/ 23 October 2008

Leapfrogging into Africa

On her arrival in South Africa this year Kenyan student Carol Muthoni discovered that South Africa did not host the money transfer operator, Western Union, which has a large presence back home.

For a month Muthoni had to rely on friends to receive money on her behalf, often with bank-to-bank transfer delays, before she was at last able to open her own bank account.

Last week, however, Western Union, in partnership with Absa, announced its re-entrance into the South African market after shutting up shop about seven years ago. Western Union has 16% to 17% global share of the money transfer market.

As part of the venture Absa is working with Western Union to create a cross-border money transfer offering using cellphone technology.

For millions of people, particularly from Africa, who migrate across the globe to study or to work, this has huge implications for the flow of remittances to and from their home countries.

Paulo Zambonini, Absa’s head of innovation and strategic projects, says the Reserve Bank approved the deal in July last year. He says cellphone technology is a ”leapfrog technology”, especially in rural areas where banking infrastructure has not reached communities.

A cellphone can act like a ”virtual branch” and can become a ”key infrastructure base” for banks says Zambonini. For un-banked communities, such as migrant workers, a product like this can ease their entrance into the banking environment, he says.

Last year Western Union began talks with the global trade association of mobile phone operators (GSMA), to begin developing technology for mobile phone money transfers, ”be they mobile-to-cash, cash-to-mobile or mobile-to-mobile”, says Khalid Fellahi, the company’s regional vice-president for Africa. The company launched a cross-border mobile transfer pilot project between the US and the Philippines last year.

But Western Union may already be facing competition on the continent as mobile transfer services are taking off in other parts of Africa.

In countries such as Kenya cash-to-cash mobile money transfers, particularly Safaricom’s M-Pesa offering, have taken the country by storm. Safaricom is one of the largest mobile telecoms companies in Kenya, with Vodafone as a significant shareholder.

M-Pesa, launched in 2007, allows anyone with a Safaricom account to send cash to another person by loading money on to their M-pesa account. The receiver gets an SMS that allows him or her to collect the cash at any local Safaricom dealer. Receivers do not need a bank account or to be Safaricom subscribers.

Because of the success of this service Vodafone announced the launch of a cross-border transfer offering that is being piloted between the United Kingdom and Kenya.

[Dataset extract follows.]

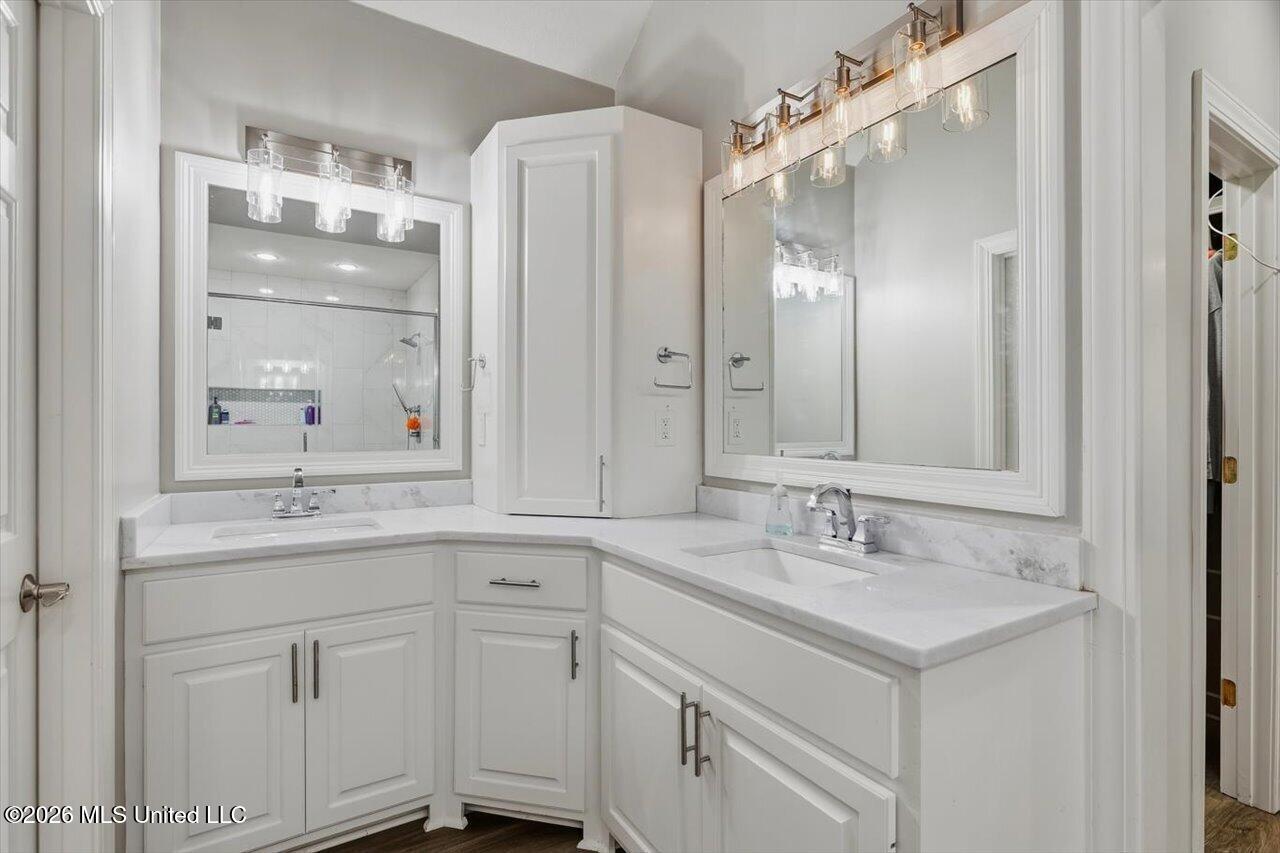 104 Saxony Court Property Photo 22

In the Southern African Development Community about half of the remittance market is managed through informal channels, says economics consultancy Genesis Analytics. Remittances in the region are valued at more than $1-billion, says the International Fund for Agriculture and Development.

According to Genesis, informal channels include family, friends and taxi drivers. To transfer about $40 across SADC borders in 2006, Genesis calculated that an inter-bank transfer could cost as much as $22, halving the value of the remitted sum.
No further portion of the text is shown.